Panama City Skyline
I’m not sure there is a place in Central America that changed as much as Panama City has over the past decade. In the 7 years between my visits to the Panama, the city has morphed and grown incredibly. To be honest, I hardly recognized the city when I arrived. There was a new highway leading into the city, the coastline had been morphed, and there seemed to be about 10 times more skyscrapers than before. Change, however, isn’t a bad thing. I noticed right away that Panama City is cleaner than before, it is safer than before, and the coastline is much more appealing than it used to be. To top it all off, the main highway leading into the city is covered in pedestrian bridges that offered amazing vantage points to get shots of the city’s skyline. I came away with about 3 or 4 panoramas and skyline photos of Panama City that I’m really pleased with. I’ll show some more off in the future.
How I Got this Shot
Shooting cities means a little bit of prep work usually. In the case of this shot, I had actually hiked around the shoreline the day before looking for nice vantage points. I then created a scheduled photo shot list based on the time of day and the type of photo that I wanted. For example, I wanted to shoot Panama City’s old town’s skyline with soft light with the sun still barely in the sky. I wanted a pure skyline shot of the city with the light just after the sun had gone down. And I wanted a early night shot from the bridges with that perfect blue iridescent light from just before night reaches pitch black. I took my map and created a route to walk that would allow me to get as many shots as possible in the light that I wanted. Planning is nearly just as important as the shooting itself when it comes to urban photography.

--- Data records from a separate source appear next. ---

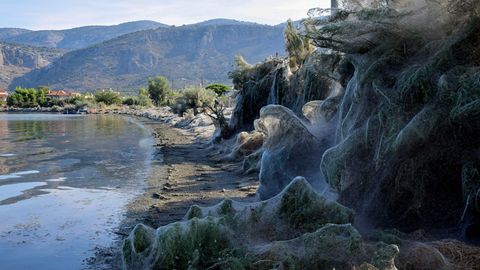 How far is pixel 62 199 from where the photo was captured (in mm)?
14578

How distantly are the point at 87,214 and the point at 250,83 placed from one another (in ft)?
54.1

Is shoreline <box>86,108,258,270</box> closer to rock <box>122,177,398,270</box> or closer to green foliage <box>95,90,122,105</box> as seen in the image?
rock <box>122,177,398,270</box>

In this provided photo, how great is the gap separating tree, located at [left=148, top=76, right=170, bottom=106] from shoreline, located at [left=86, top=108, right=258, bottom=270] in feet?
291

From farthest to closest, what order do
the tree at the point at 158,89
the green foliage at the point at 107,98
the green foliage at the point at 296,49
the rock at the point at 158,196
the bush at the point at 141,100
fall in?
the green foliage at the point at 107,98, the bush at the point at 141,100, the tree at the point at 158,89, the green foliage at the point at 296,49, the rock at the point at 158,196

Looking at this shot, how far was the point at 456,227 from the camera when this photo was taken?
6969mm

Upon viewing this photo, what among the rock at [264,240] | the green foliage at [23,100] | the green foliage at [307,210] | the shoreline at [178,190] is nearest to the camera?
the rock at [264,240]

Technically there is no major trick to this photo. I shot the photo on a tripod with my Canon 60d and 18-55mm lens. The one thing that is crucial to getting this shot, though, is to take of the UV filter off your lens. If you have a filter on for night shots of cities the light bounces around and turns into a blob of light rather than the star you see in this photo. Also, to get that star effect you want your aperture to be quite narrow.
This photo was shot at a focal length of 20mm on an aperture of f/13, the shutter speed was 30 seconds, and the ISO was 100.